Encourage Dissent – But Establish the Relationship and Context First
How many times have you heard someone say, “I welcome pushback – I want people to be honest,” or “I don’t want a bunch of heads nodding in agreement around this table – we need to challenge each other!”
Yet many leaders who espouse such beliefs don’t appear to abide by them in practice. They are either put off or perhaps even threatened by the first subordinate or colleague who challenges them. Either through their own body language or actual response, they can inadvertently and instantaneously change the atmosphere in the conversation or meeting. And the results can be detrimental to the most critical component of any team – the concept of trust.
In coaching, we often use the world “intentional”. By this we mean that every leader must be intentional about his or her actions. In this case, it can be the message they send to their subordinates and the way in which they communicate that message. The initial outcome of a harsh word or eye-roll – or worse – by a leader that is challenged by his subordinates, can lead to changed behavior on the part of the team members.
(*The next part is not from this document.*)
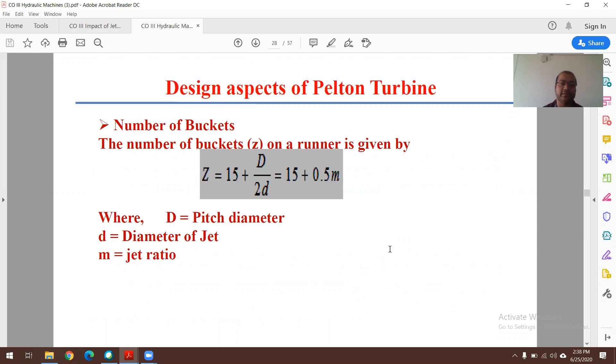This is all about the design of the Pelton wheel turbine. Thanks a lot for listening.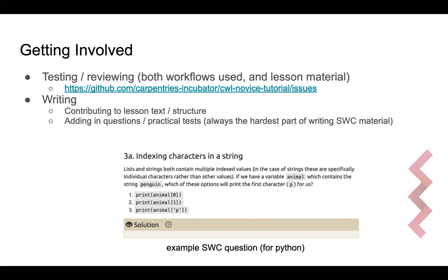Thank you all for your time, and apologies that I can't be here at the conference myself, but Michael Crusoe will be available later to take any questions that you might have on this material.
That change is often nuanced and perhaps even undetected by the leader – especially if she or he gets private feedback from a participant in the meeting that provides encouragement or agreement of the leader’s behavior.
The consequences are far-reaching for a leader and his or her team – for an atmosphere of honest and open communication can be easily transformed into one of introspection, silent assent, or, even worse, fear.
A CEO, president or even a department head who gets input divergent from his or her opinions might confuse the signals from direct reports, especially in open meetings. What is positioned as honest and unvarnished opinion by the sender might be interpreted as a sort of derailment by the receiver. And those who disagree can be prematurely labeled as “derailers” – and sometimes they can be figuratively “executed” before their value is understood.
And there may be reasons why. Part of executive coaching is to help you understand your own personality, style and learning and to appreciate the styles of others. For instance, some are more direct in their styles and want to “own” the meeting and its outcomes; others more collaborative. Still others like to keep “calm waters” in their meetings. Some just want to keep questioning everything.
Team coaching can help groups of people with different styles to come together as teams. Only by accepting each other for who they are and understanding different styles, can a disparate group of individuals come together as a true team. And only then can the leader know that he or she is a leader who inspires free exchange in an open session.
The best way to forge teamwork is to build trust in the basics of communication first. Like anything, you start with baby steps and learn the basic blocking and tackling of communications and the dynamics of your own team – at that point you’ll be ready for the divergent opinion that your team needs to create better results in the competitive workplace of today.
And then, your words, actions and beliefs will align for the powerful and honest input each of us needs as leaders.